An unfortunate fact in the world today is that women earn less money than men, have less workplace stability, and have the least participation in the workforce. Recent statistics have indicated that women make up to 60% of the global working poor and they earn an average of 10% to 30% less than their male counterparts in comparable jobs. A recent report by the non-governmental organization ActionAid indicates that economic inequality brought about by gender disparity costs the world economy a tune of 9 trillion US Dollars annually.  This enormous figure not only drags down the economic opportunities for women in the developing world, but also stagnates economic growth.

One of the greatest contributors to income inequality is the fact that mothers and wives naturally play a greater role in homemaking. However, the work these women do at home (preparing food, cleaning, nurturing children to maturity) often goes unnoticed and certainly unpaid. These tasks end up consuming the most productive years of a women’s life by removing them from active participation and influence in the nation and workforce.

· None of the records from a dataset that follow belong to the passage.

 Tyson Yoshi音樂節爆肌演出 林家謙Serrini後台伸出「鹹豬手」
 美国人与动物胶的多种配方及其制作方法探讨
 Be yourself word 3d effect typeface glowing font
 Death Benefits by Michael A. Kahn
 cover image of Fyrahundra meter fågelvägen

Fortunately, global initiatives, such as those set forth by Agile International to empower women and girls in Africa, are taking place that to help ensure a positive future for the women of the developing world. Developing nations can learn from the projects currently underway in West Africa courtesy of Agile International. Land is indisputably one of the most valuable assets among humanity today. If more land is made available to women, and girls are given an equal opportunity in school like their male counterparts, the $9 trillion lost annually could be turned into a gain on the global economy. Africa for example, has vast idle lands and many untapped natural resources. With an estimated population of 1 billion and women constituting 52% of that figure, a united revolution of empowering women will catapult the continent to abundant riches and leave a considerable impact on the global economy.

Income inequality is therefore not just an economic issue but one also deeply rooted in social and political foundations. For example, many nations in Africa still hold the perception that women are better placed to be housewives and mothers rather than being working professionals alongside the their male counterparts. These perceptions become entangled with the political efforts to streamline laws and protect the rights of women and girls. This is happening in some countries like Kenya, where laws have been set up to make primary and secondary education compulsory and free. Kenya has also set up a commission to sensitize cultural communities against practices such as Female Genital Mutilation (FGM). This commission is a great advancement in ensuring that teenage girls coming from rural communities do not miss or drop out of school due to these outmoded practices, another being early marriages.

In conclusion, income inequality will continue to affect the global economy as long as governments and organizations fail to focus on the empowerment of women to facilitate gender equality. Still, there is a beacon of hope with focused organizations, such as Agile International, that are spearheading crucial initiatives towards women empowerment.